══ SUPPLIED RECORDS ══
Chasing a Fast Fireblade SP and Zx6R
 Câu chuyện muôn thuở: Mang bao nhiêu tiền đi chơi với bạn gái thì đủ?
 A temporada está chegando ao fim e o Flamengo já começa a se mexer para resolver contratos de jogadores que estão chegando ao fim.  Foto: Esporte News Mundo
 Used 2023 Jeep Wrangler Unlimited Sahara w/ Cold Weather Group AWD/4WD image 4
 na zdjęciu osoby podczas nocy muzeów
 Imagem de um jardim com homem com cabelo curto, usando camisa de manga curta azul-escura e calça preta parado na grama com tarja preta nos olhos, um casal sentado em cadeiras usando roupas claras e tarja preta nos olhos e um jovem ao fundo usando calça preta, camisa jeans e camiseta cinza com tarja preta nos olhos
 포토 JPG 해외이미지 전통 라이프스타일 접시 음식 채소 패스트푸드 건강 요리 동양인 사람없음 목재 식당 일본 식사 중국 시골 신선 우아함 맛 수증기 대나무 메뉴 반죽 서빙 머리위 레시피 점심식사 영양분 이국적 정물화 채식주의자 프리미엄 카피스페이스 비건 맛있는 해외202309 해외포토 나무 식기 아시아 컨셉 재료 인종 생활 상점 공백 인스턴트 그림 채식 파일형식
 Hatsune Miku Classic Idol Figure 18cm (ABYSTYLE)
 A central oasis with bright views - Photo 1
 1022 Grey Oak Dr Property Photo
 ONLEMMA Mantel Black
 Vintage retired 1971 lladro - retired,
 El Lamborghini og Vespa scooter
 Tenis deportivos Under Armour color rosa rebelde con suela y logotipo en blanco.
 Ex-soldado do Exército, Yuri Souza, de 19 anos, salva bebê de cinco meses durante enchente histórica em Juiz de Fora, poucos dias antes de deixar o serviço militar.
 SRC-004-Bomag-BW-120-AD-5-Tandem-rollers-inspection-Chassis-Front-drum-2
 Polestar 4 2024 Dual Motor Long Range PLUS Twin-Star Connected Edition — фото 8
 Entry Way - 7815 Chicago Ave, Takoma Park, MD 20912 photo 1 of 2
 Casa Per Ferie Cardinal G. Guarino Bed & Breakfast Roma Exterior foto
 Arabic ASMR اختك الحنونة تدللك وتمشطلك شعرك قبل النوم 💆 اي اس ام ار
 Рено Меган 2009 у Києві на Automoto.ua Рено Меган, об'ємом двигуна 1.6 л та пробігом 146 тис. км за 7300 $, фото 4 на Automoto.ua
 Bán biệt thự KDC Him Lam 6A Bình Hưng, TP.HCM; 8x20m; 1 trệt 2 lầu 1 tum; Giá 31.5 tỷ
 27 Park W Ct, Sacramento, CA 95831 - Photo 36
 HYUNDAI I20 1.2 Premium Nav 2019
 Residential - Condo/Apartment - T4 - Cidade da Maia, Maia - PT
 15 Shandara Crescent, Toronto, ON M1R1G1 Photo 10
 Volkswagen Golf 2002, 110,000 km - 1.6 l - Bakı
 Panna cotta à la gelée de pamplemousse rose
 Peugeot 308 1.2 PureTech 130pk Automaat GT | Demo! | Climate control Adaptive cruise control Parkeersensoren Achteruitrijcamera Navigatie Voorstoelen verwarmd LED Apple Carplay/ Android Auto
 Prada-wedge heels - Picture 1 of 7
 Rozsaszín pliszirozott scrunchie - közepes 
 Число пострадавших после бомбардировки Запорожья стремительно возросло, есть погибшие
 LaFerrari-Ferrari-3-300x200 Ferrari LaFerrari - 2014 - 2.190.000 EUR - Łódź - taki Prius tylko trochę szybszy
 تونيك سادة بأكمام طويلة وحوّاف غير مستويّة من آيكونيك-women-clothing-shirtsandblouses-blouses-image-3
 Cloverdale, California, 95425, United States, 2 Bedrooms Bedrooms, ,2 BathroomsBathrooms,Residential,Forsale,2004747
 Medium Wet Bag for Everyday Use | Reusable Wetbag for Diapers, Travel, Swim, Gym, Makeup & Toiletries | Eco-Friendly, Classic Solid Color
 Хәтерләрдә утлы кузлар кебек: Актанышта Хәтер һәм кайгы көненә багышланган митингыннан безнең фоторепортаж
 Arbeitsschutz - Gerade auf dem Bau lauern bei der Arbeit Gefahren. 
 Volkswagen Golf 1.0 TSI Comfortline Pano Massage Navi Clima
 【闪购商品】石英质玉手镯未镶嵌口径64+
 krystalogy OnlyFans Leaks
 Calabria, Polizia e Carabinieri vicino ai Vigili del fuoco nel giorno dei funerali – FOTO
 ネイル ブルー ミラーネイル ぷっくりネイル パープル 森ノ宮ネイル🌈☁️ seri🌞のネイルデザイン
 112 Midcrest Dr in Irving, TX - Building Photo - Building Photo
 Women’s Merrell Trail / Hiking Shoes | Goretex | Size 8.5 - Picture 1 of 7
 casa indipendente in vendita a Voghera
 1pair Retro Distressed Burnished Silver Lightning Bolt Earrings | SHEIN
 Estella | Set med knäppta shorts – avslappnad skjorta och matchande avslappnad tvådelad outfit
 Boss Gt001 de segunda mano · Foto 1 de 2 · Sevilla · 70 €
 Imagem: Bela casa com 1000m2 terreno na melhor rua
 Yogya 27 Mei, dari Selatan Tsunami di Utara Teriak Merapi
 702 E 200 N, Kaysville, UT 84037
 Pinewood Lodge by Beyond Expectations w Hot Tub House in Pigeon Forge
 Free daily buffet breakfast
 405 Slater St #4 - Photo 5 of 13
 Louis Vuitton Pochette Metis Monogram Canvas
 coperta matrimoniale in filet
═══
EXERCISE AIM. Return only the part of the records above that opens with the line containing "Peugeot 308 1.2" and closes with the line containing "casa indipendente in vendita a Voghera", ends included.

SOLVED PROBLEM.
 Peugeot 308 1.2 PureTech 130pk Automaat GT | Demo! | Climate control Adaptive cruise control Parkeersensoren Achteruitrijcamera Navigatie Voorstoelen verwarmd LED Apple Carplay/ Android Auto
 Prada-wedge heels - Picture 1 of 7
 Rozsaszín pliszirozott scrunchie - közepes 
 Число пострадавших после бомбардировки Запорожья стремительно возросло, есть погибшие
 LaFerrari-Ferrari-3-300x200 Ferrari LaFerrari - 2014 - 2.190.000 EUR - Łódź - taki Prius tylko trochę szybszy
 تونيك سادة بأكمام طويلة وحوّاف غير مستويّة من آيكونيك-women-clothing-shirtsandblouses-blouses-image-3
 Cloverdale, California, 95425, United States, 2 Bedrooms Bedrooms, ,2 BathroomsBathrooms,Residential,Forsale,2004747
 Medium Wet Bag for Everyday Use | Reusable Wetbag for Diapers, Travel, Swim, Gym, Makeup & Toiletries | Eco-Friendly, Classic Solid Color
 Хәтерләрдә утлы кузлар кебек: Актанышта Хәтер һәм кайгы көненә багышланган митингыннан безнең фоторепортаж
 Arbeitsschutz - Gerade auf dem Bau lauern bei der Arbeit Gefahren. 
 Volkswagen Golf 1.0 TSI Comfortline Pano Massage Navi Clima
 【闪购商品】石英质玉手镯未镶嵌口径64+
 krystalogy OnlyFans Leaks
 Calabria, Polizia e Carabinieri vicino ai Vigili del fuoco nel giorno dei funerali – FOTO
 ネイル ブルー ミラーネイル ぷっくりネイル パープル 森ノ宮ネイル🌈☁️ seri🌞のネイルデザイン
 112 Midcrest Dr in Irving, TX - Building Photo - Building Photo
 Women’s Merrell Trail / Hiking Shoes | Goretex | Size 8.5 - Picture 1 of 7
 casa indipendente in vendita a Voghera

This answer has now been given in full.